Burning all fossil energy…
…would raise sea-level by more than 50 meters – and eliminate all ice of Antarctica
Press Release by the Potsdam Institute for Climate Impact Research
09/14/2015
Burning all of the world’s available fossil-fuel resources would result in the complete melting of the Antarctic ice sheet, a new study published in Science Advances shows. The Antarctic ice masses store water equivalent to more than 50 meters of sea-level rise. The new calculations show that Antarctica’s long-term contribution to sea-level rise could likely be restricted to a few meters that could still be manageable, if global warming did not exceed 2 degrees. Crossing this threshold, however, would in the long run destabilize both West and East Antarctica – causing sea-level rise that would reshape coastal regions around the globe for millennia to come.
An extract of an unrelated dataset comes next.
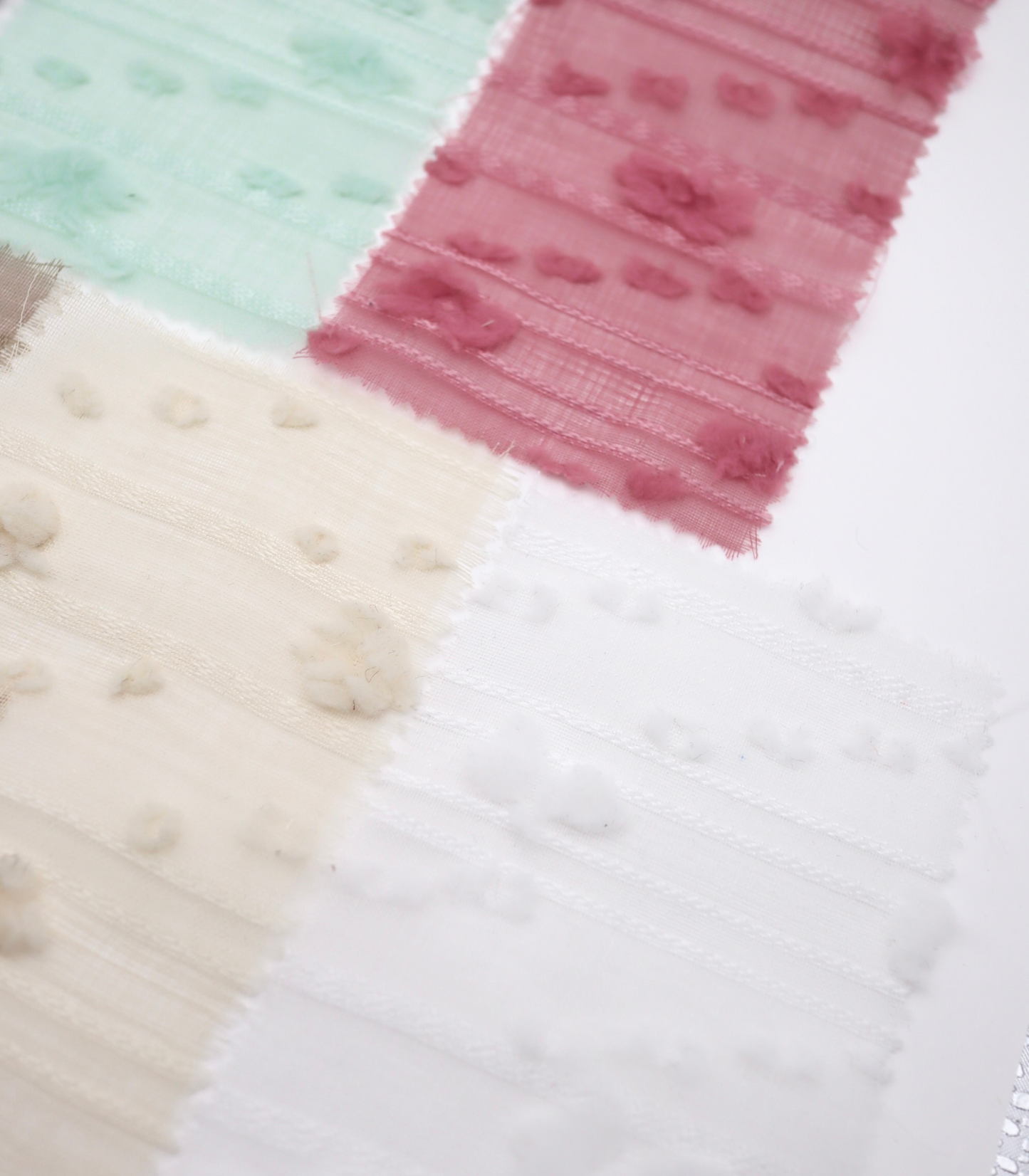 【25SS-371】もこもこフラワー×ボーダージャガードシアーローン　/0.5ｙあたり = ～580円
The long-term risk increases with every additional tenth of a degree of warming“By using more and more fossil energy, we increase the risk of triggering changes that we may not be able to stop or reverse in the future,” co-author Anders Levermann of the Potsdam Institute explains. “The West Antarctic ice sheet may already have tipped into a state of unstoppable ice loss, whether as a result of human activity or not. But if we want to pass on cities like Tokyo, Hong Kong, Shanghai, Calcutta, Hamburg or New York as our future heritage, we need to avoid a tipping in East Antarctica,” he says.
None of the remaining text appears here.